__Records supplied__.
== Segment start ==

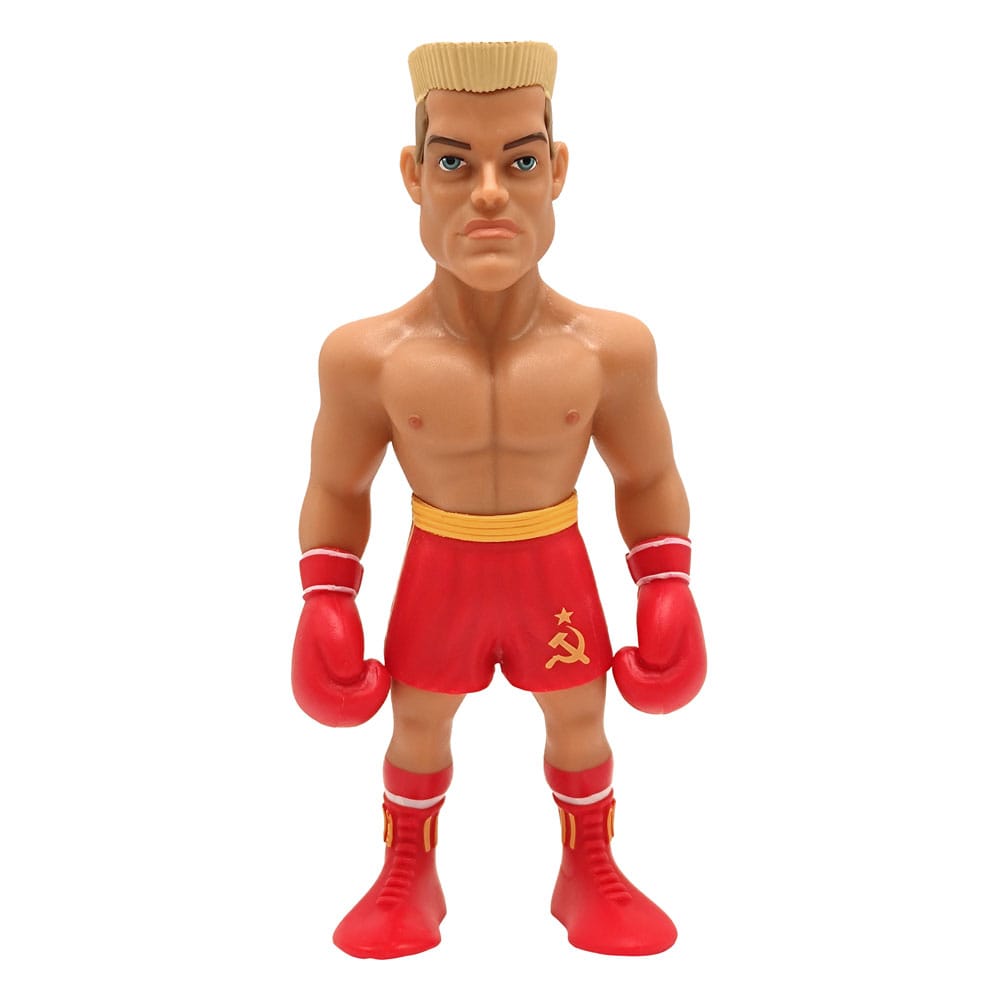 Rocky / Creed / Rocky IV Minix Figure  12 cm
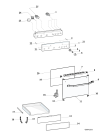 Схема №1 I5ESH1SUK (F088405) с изображением Запчасть для электропечи Indesit C00375820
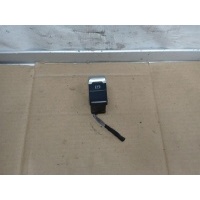 Кнопка ручного тормоза (ручника) Audi A5 8T 2007 8K1927225B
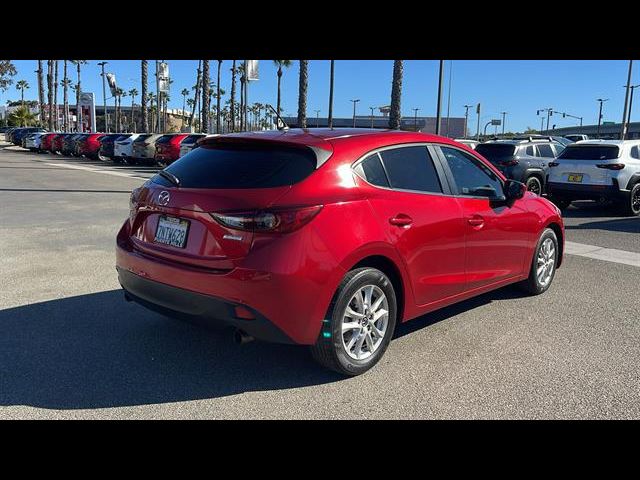 2016 Mazda Mazda3 i Sport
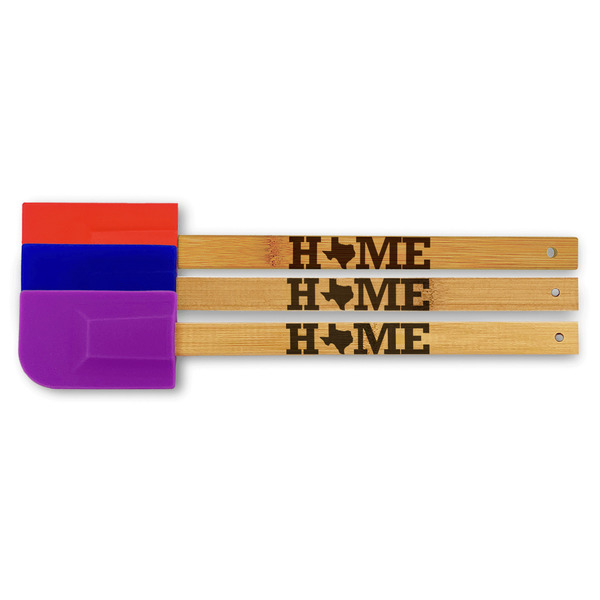 Custom Home State Silicone Spatula (Personalized)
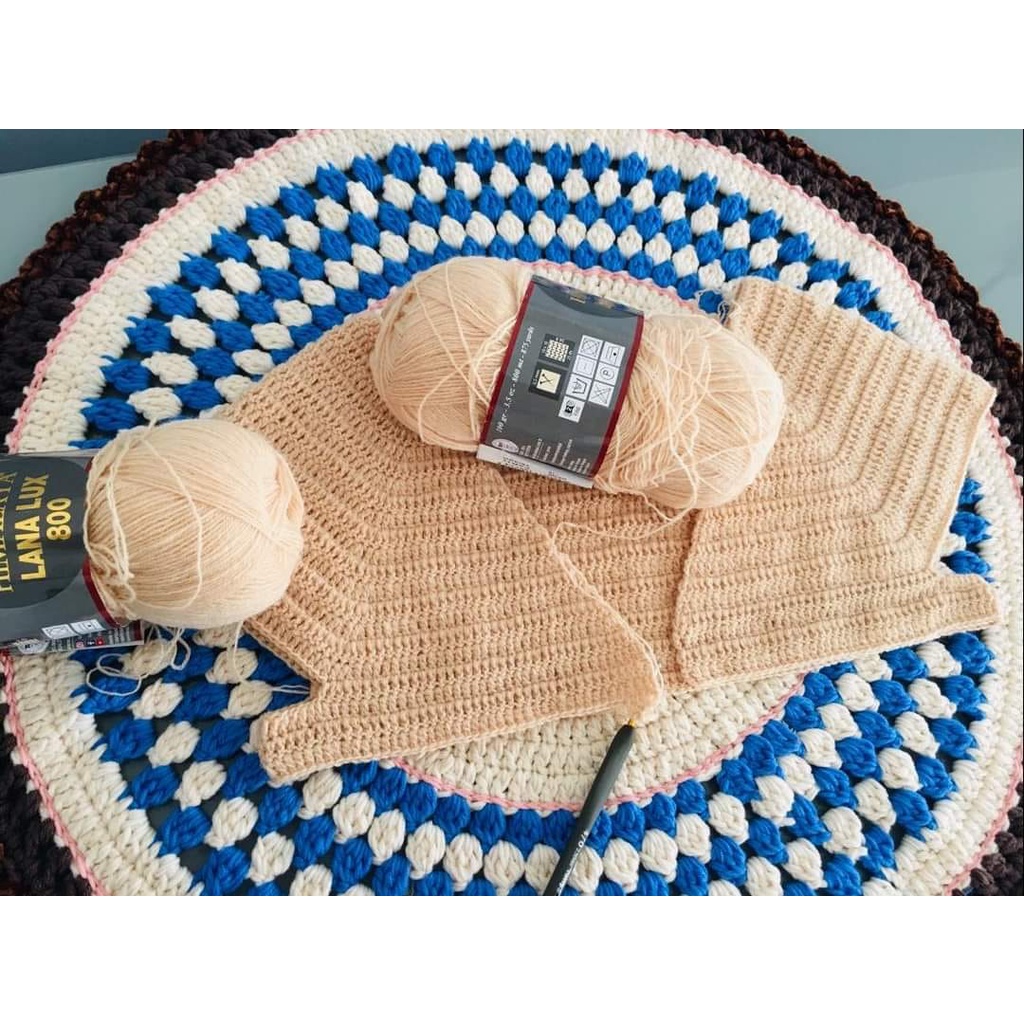 Len Thổ Nhĩ Kỳ - Himalaya Lana Lux 800 - Siêu mềm nhẹ và dôi sợi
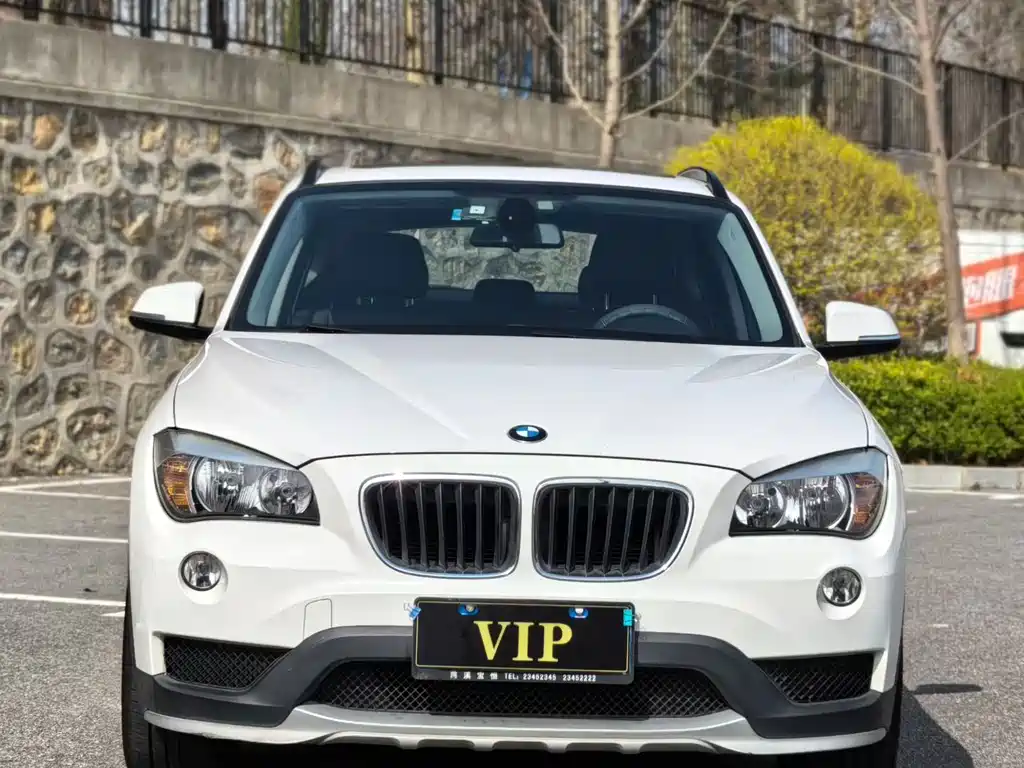 BMW X1 2015 — фото 2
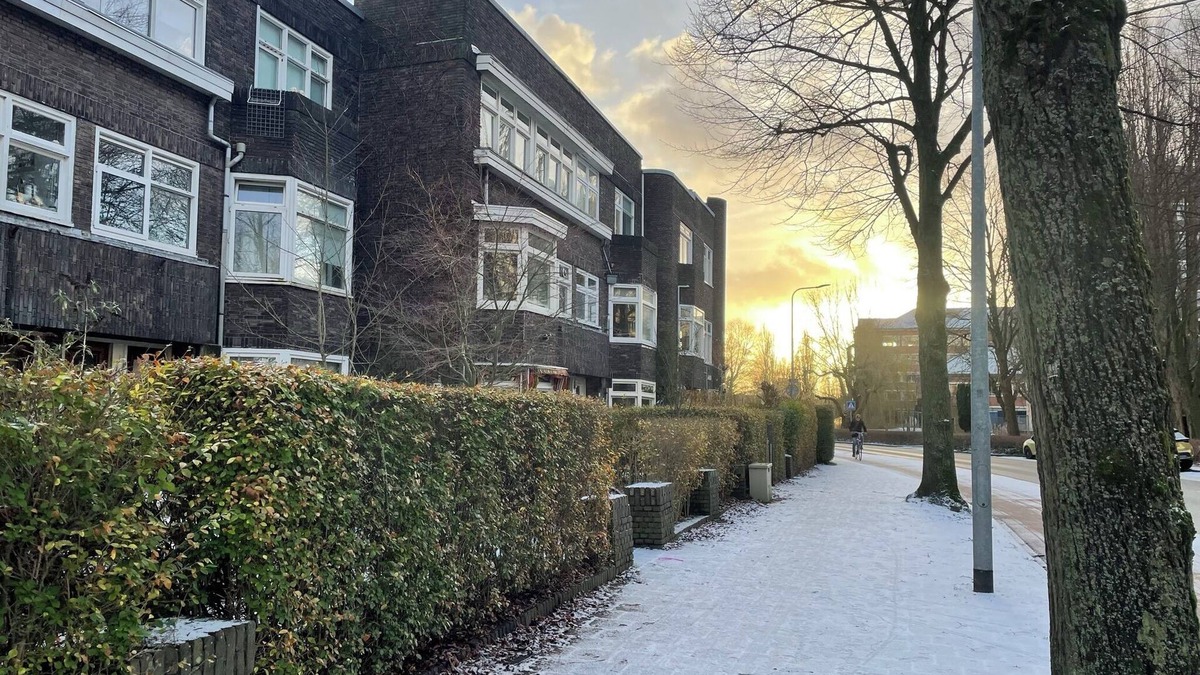 Groningen Apartment | Green apartment near center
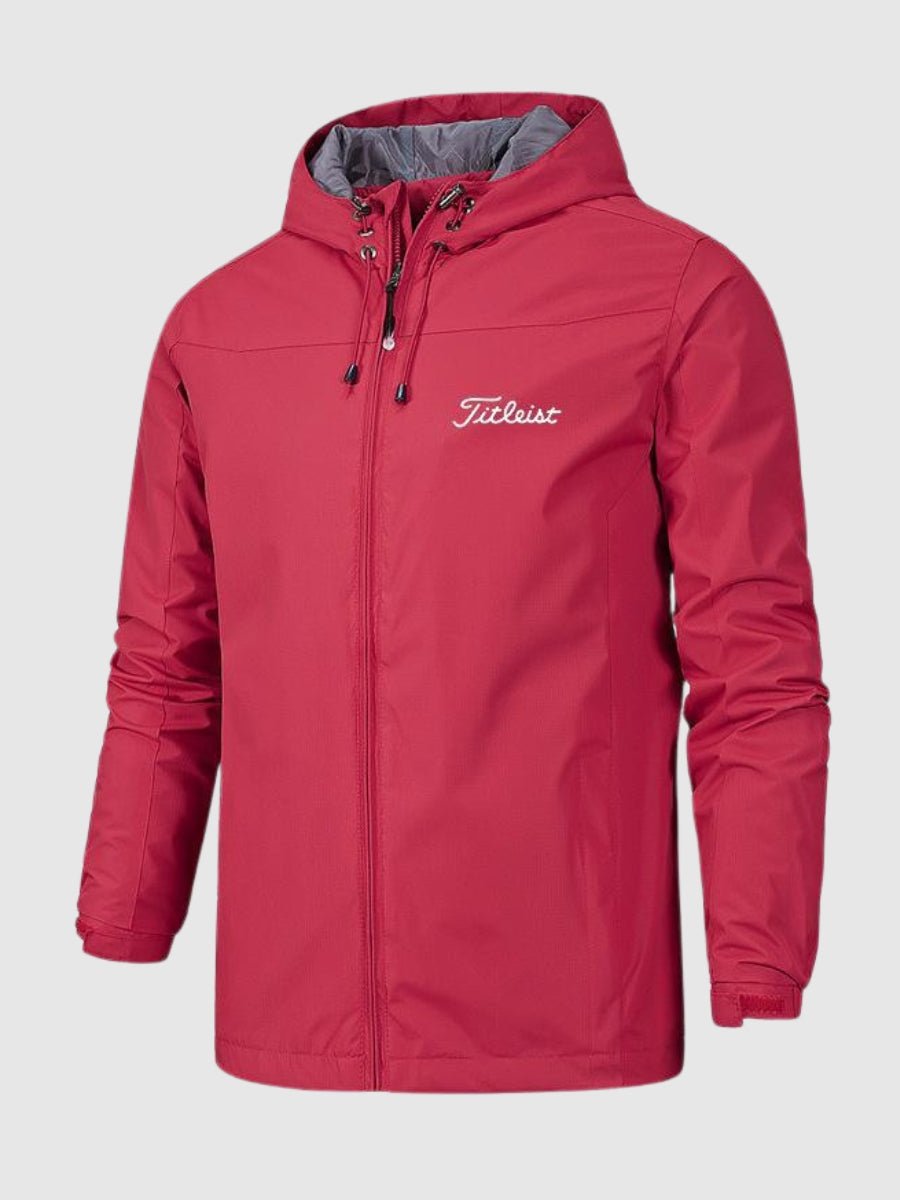 Titleist - Wasserdichte Jacke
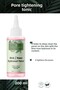 Pore ​​Firming Anti-Blackhead Bha Tonic 200 ml Bıo43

== Segment end ==

__What you have to do__. Copy every record exactly, without the pictures.

__Solution to this problem__.
 Rocky / Creed / Rocky IV Minix Figure  12 cm
 Схема №1 I5ESH1SUK (F088405) с изображением Запчасть для электропечи Indesit C00375820
 Кнопка ручного тормоза (ручника) Audi A5 8T 2007 8K1927225B
 2016 Mazda Mazda3 i Sport
 Custom Home State Silicone Spatula (Personalized)
 Len Thổ Nhĩ Kỳ - Himalaya Lana Lux 800 - Siêu mềm nhẹ và dôi sợi
 BMW X1 2015 — фото 2
 Groningen Apartment | Green apartment near center
 Titleist - Wasserdichte Jacke
 Pore ​​Firming Anti-Blackhead Bha Tonic 200 ml Bıo43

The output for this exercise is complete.